Discussion in 'Off Topic' started by Brett Peters, Aug 22, 2011.

  1. Brett Peters

    Brett Peters Well-Known Member

    Just got an un official takedown request from a nightclub which I will respectfully leave unnamed regarding a picture or two I have publicly shared on Facebook, forum and probably a few other places.

    From my understanding and reading Facebook's terms and services I have done nothing wrong but then again I might be incorrect which would leave me, Well wrong.

    Here are Facebook's terms regarding the uploading of images

    And here is a copy of the unofficial takedown email I received​
    Thoughts/Advice/Opinions all welcome​
  2. jmurrayhead

    jmurrayhead Well-Known Member

    Did you take the pictures yourself?
  3. Dean

    Dean Well-Known Member

    I've no idea what is or is not allowed, or even what the legal issues are.

    But if I borrowed content (picture) from somewhere on the internet, and I was asked not to use it, I would respect the request. If the content (picture) was important enough I would somehow find a way to re-create (referring to technical things such as how to tune up a bicycle).
    Floris likes this.
  4. Brett Peters

    Brett Peters Well-Known Member

    No, I was of the opinion from reading the Facebook terms that the uploader granted transferable IP and we would be able to share such content, Hence the publicly available download and associated FB terms.
  5. Floris

    Floris Guest

    If the club allows cameras inside and you weren't ask to stop taking pictures, or leave .. Then if you took the pictures then what's the problem? They can't ask you to take down your work.

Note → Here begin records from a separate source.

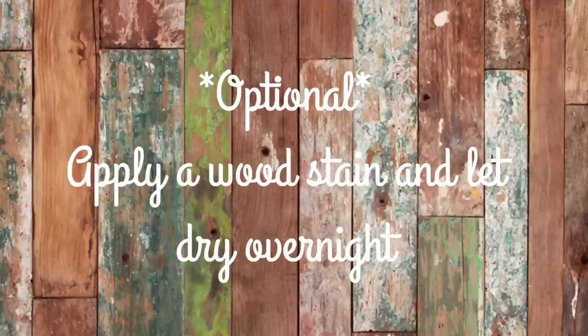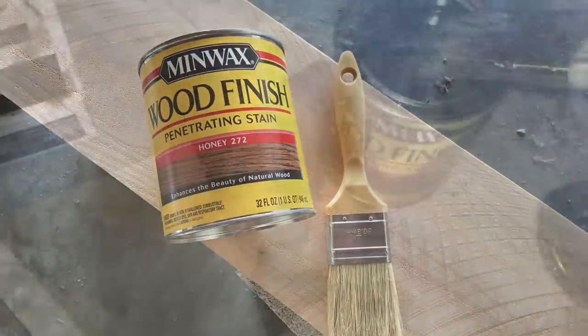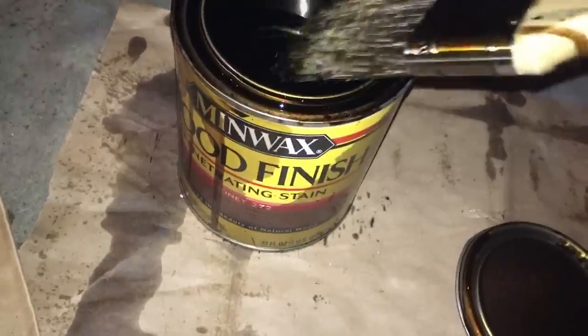You'll see here that you're gluing. Let's try it.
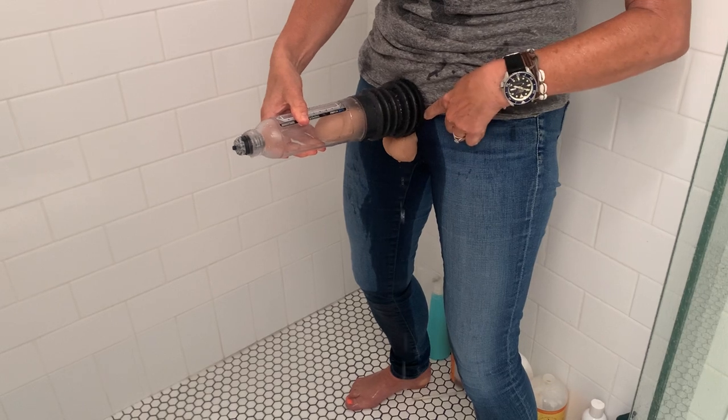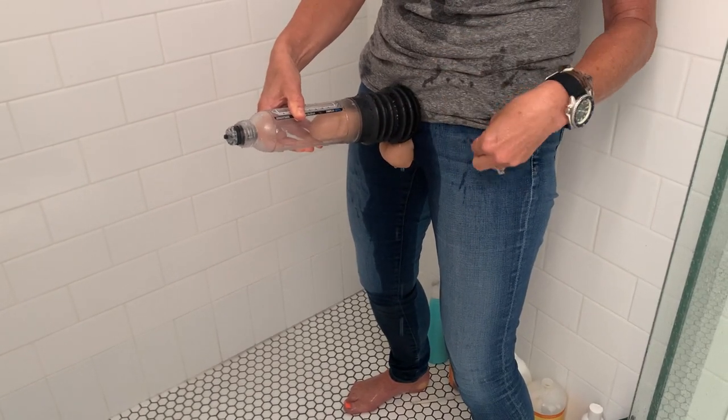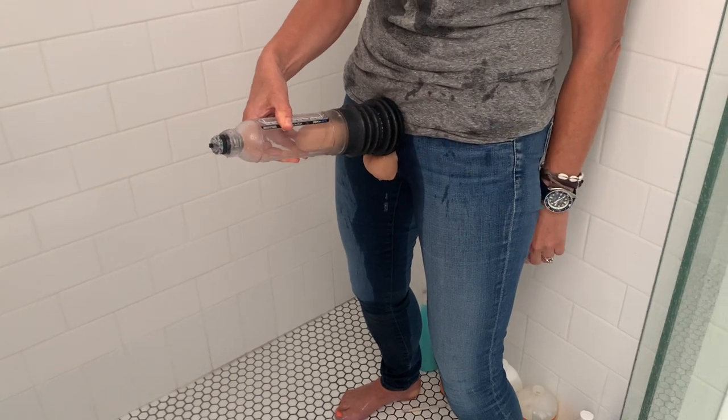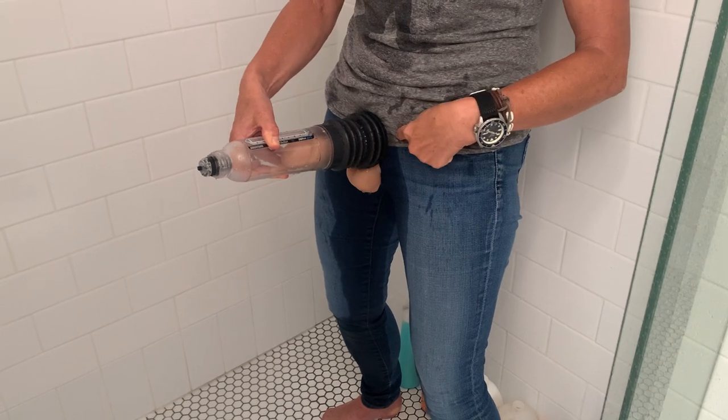Now you need to have a good seal on your pubic bone. So if you've got lots of long fuzzy pubes you've got to trim them nice and short, because if you've ever been snorkeling and you get a bit of hair stuck in your goggles they leak — same with this.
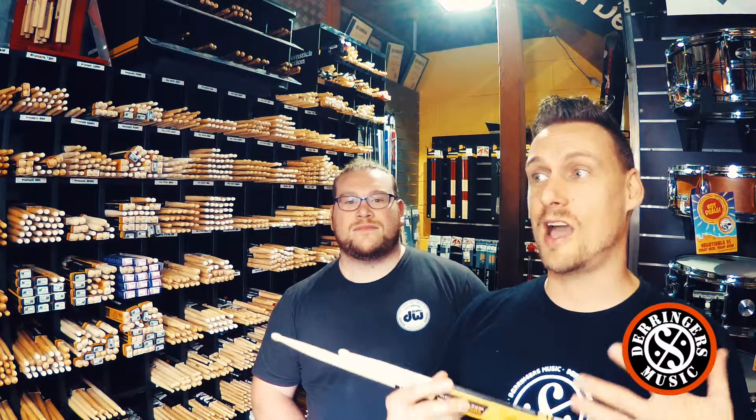Hey guys, it's Jack here in the drum shop at Derringer's Music, and Sven here as well. We just wanted to talk to you about drumsticks. The subject is drumsticks that we like, though that might change — and it has over the years. Generally, as we get older, our bodies change, our hands change, and so does the feel that we prefer.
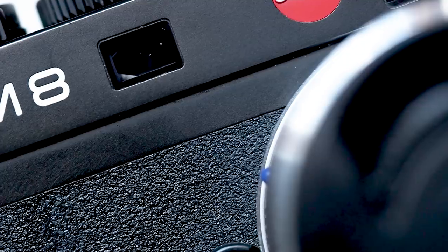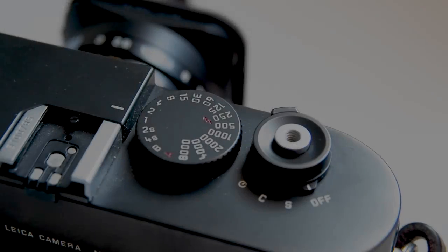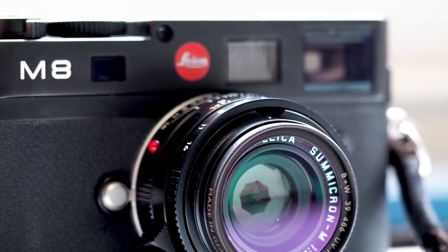What am I gonna do my second video on? I'll get that old Leica M8 out of my cupboard. So, the Leica M8 — why did I buy it? Well, when I first saw them I thought, oh, cheap camera, outdated, but it's not — it's a very nice camera. So I'm gonna go for a drive and take some pictures with my old Leica M8. Let's go.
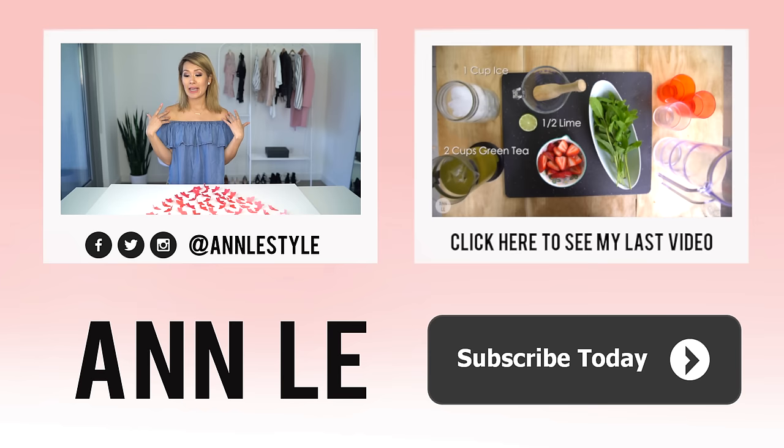If you enjoyed this video, make sure to give it a thumbs up and subscribe for more weekly videos. I would love to see you guys soon — have a great week everyone!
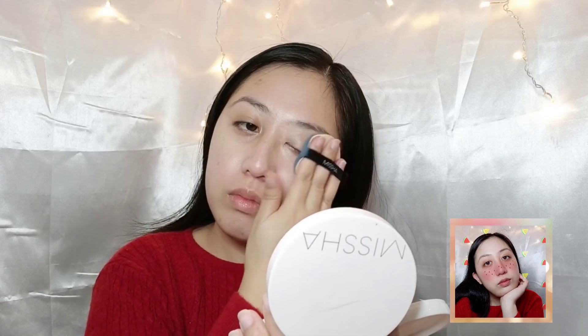Hey everyone! It is Dawn Lindell and I am back with another beauty filter inspired makeup look. For this video, I am going to attempt to recreate the filter that you saw earlier, which is a watermelon look with a lot of reds and oranges, and also some watermelon seeds that act as freckles.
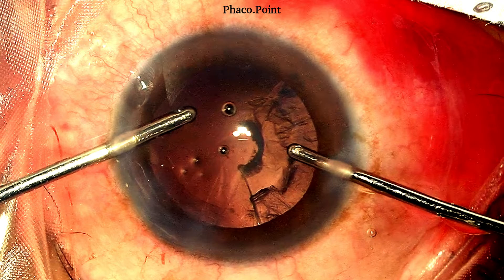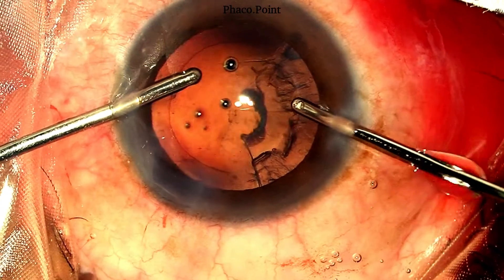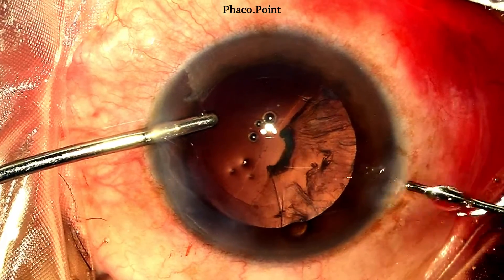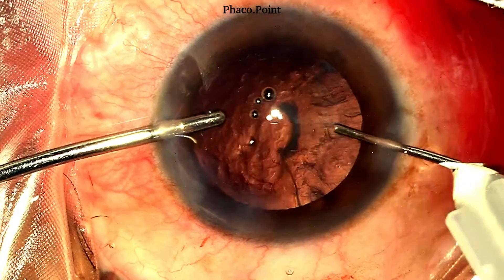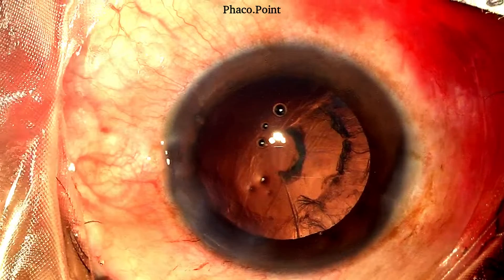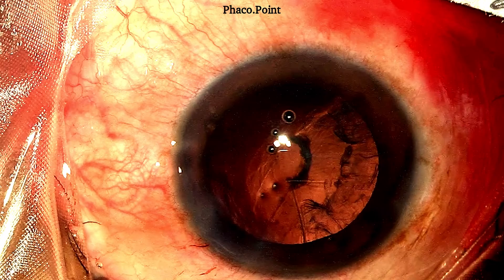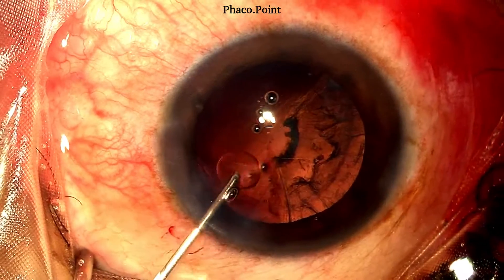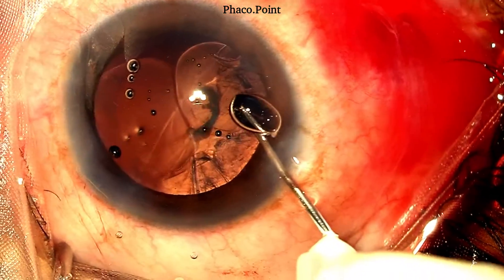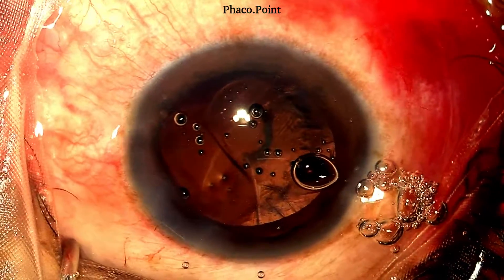The first thing we need to do is not bring our instruments out of the eye. Remove the aspiration cannula and perform a visco fluid exchange prior to removing the irrigation probe from the eye — this prevents vitreous from prolapsing forwards. Following the visco fluid exchange, the irrigation is removed from the eye. When we visualize the posterior capsular rupture now, we can see there is no splaying open of the ends of the PCR, suggesting the vitreous face is still intact. A dispersive viscoelastic is then injected into the anterior chamber to further prevent vitreous prolapse.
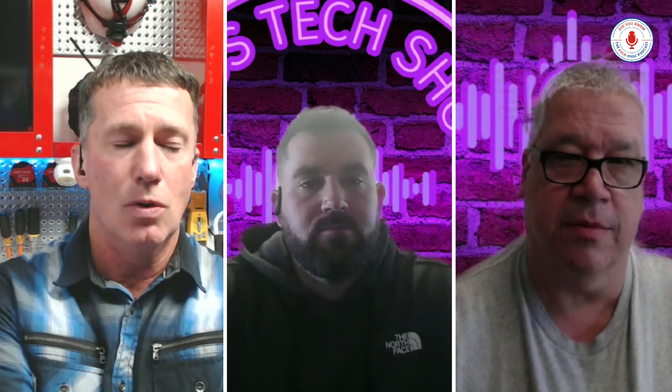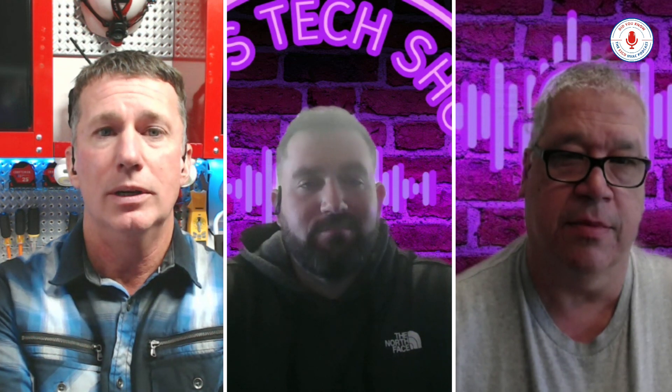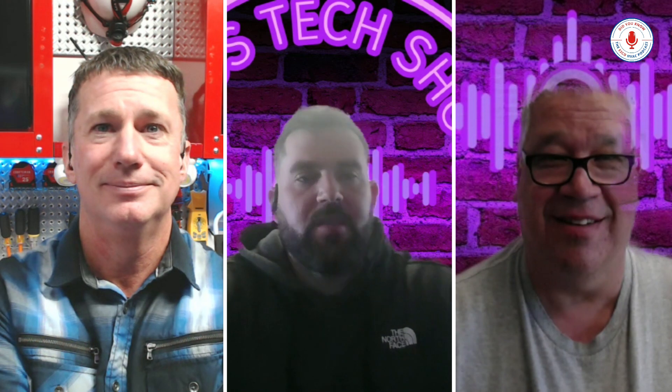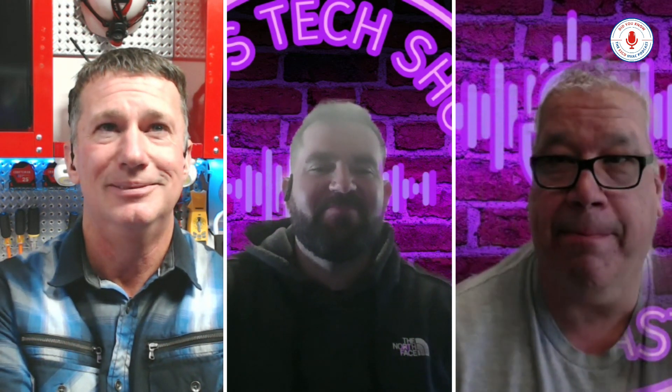Mitsubishi Electric Trane, we're so grateful for you joining us today. We encourage everyone to check out the Metis Tech Show to dive deeper into all of these aspects and a whole lot more. We are grateful that you all joined us on Did You Know, the ESCO HVAC Podcast. Thanks for having us — great seeing you again. See you next time.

    If the pics are theirs - and you downloaded or otherwise obtained them and uploaded them to facebook - then they can kindly request you to do so. Since it's their copyright.

    Taking a picture in the street of a building is completely within the rights of a photographer. Being on their private property it might be a different story.

    We don't know the pictures, what's on them, what the situation was, etc.
  6. Brett Peters

    Brett Peters Well-Known Member

    Thanks for the reply, I do respect the ownership and validity of the takedown request, It just hit me by surprise and did not give direct links to the so called infringing images.

    But also does pose the question I need opinions on which is transferable IP through FB
  7. Floris

    Floris Guest

    You can't make yours what isn't yours.

    If they have the copyright, they can request you to remove the work. If you believe the facebook ToS about content shared by them is permitted to be redistributed without their written consent; settle it in court, if you believe you're in your right that is.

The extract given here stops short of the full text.